**Problem:** Below are the records to transcribe exactly; do not include any images.

**Records to process:**
---+---

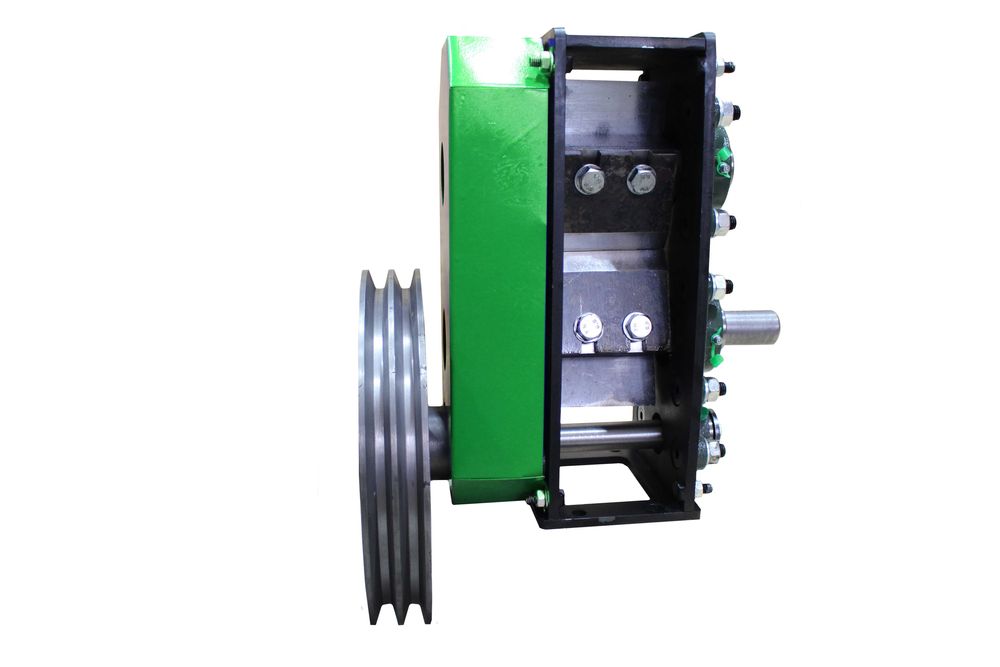 Дровокол - Подрібнювач гілок Дачник 70 3-вала з морквиною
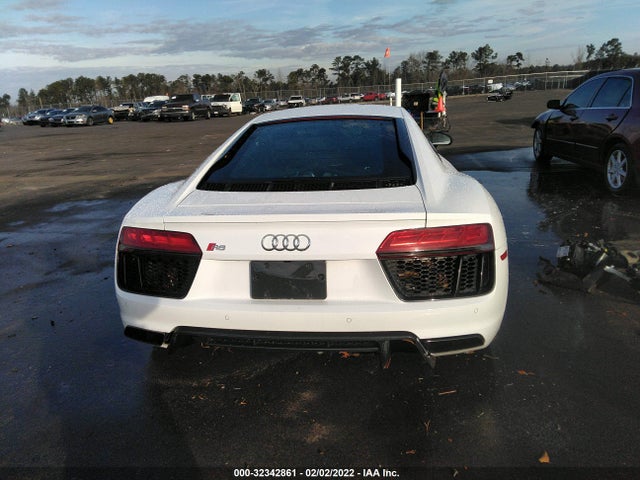 2018 Audi R8, VIN: WUABAAFX6J7901109
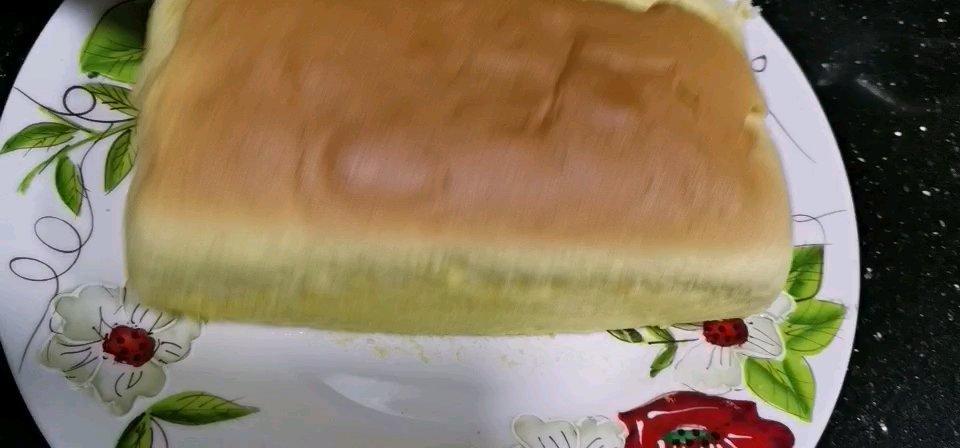 堪比柯基屁股
爆浆芝士🧀古早蛋糕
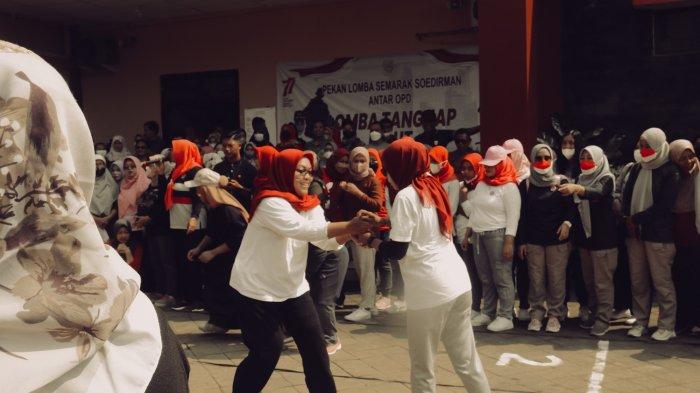 Sejumlah pegawai di lingkungan Organisasi Perangkat Daerah (OPD) dan instansi vertikal di Kabupaten Purbalingga mengikuti lomba tangkap belut, Jumat (26/8/2022). Kemeriahan terlihat di halaman parkir samping kantor Dinas Kependudukan dan Pencatatan Sipil (Dindukcapil) Purbalingga.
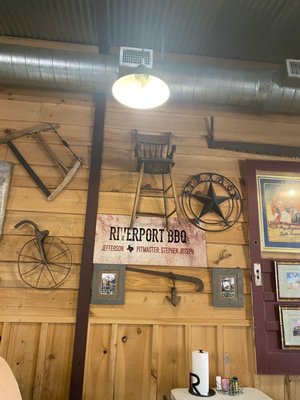 Riverport Barbecue by null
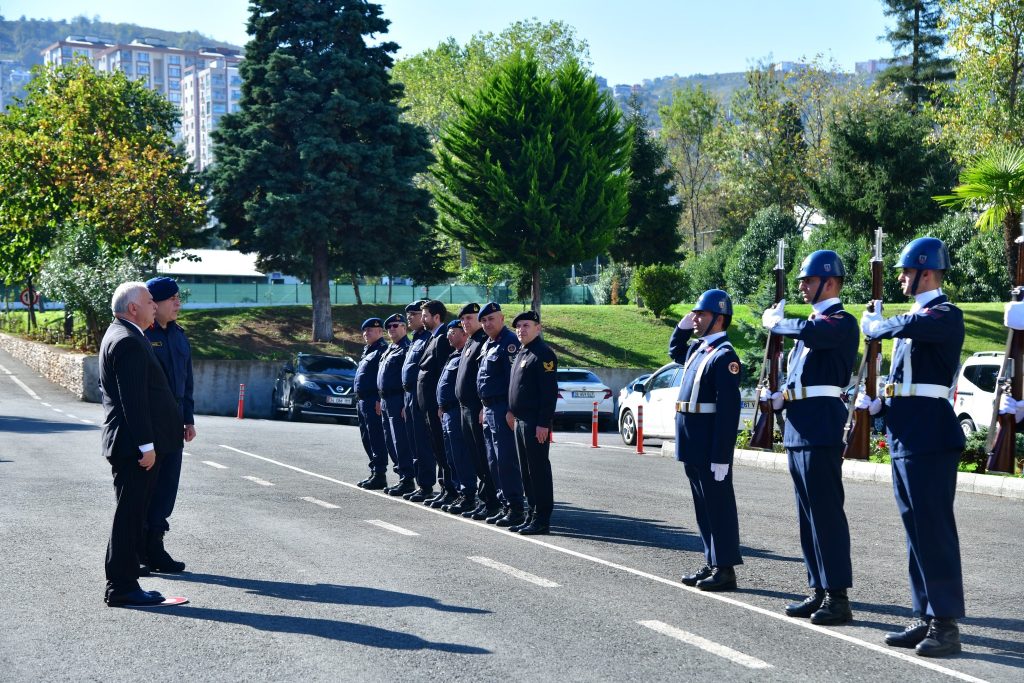Vali Yıldırım İl Jandarma Komutanlığında Asayiş Toplantısı Yaptı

---+---

**Solution to this exercise:**
 Дровокол - Подрібнювач гілок Дачник 70 3-вала з морквиною
 2018 Audi R8, VIN: WUABAAFX6J7901109
 堪比柯基屁股
爆浆芝士🧀古早蛋糕
 Sejumlah pegawai di lingkungan Organisasi Perangkat Daerah (OPD) dan instansi vertikal di Kabupaten Purbalingga mengikuti lomba tangkap belut, Jumat (26/8/2022). Kemeriahan terlihat di halaman parkir samping kantor Dinas Kependudukan dan Pencatatan Sipil (Dindukcapil) Purbalingga.
 Riverport Barbecue by null
Vali Yıldırım İl Jandarma Komutanlığında Asayiş Toplantısı Yaptı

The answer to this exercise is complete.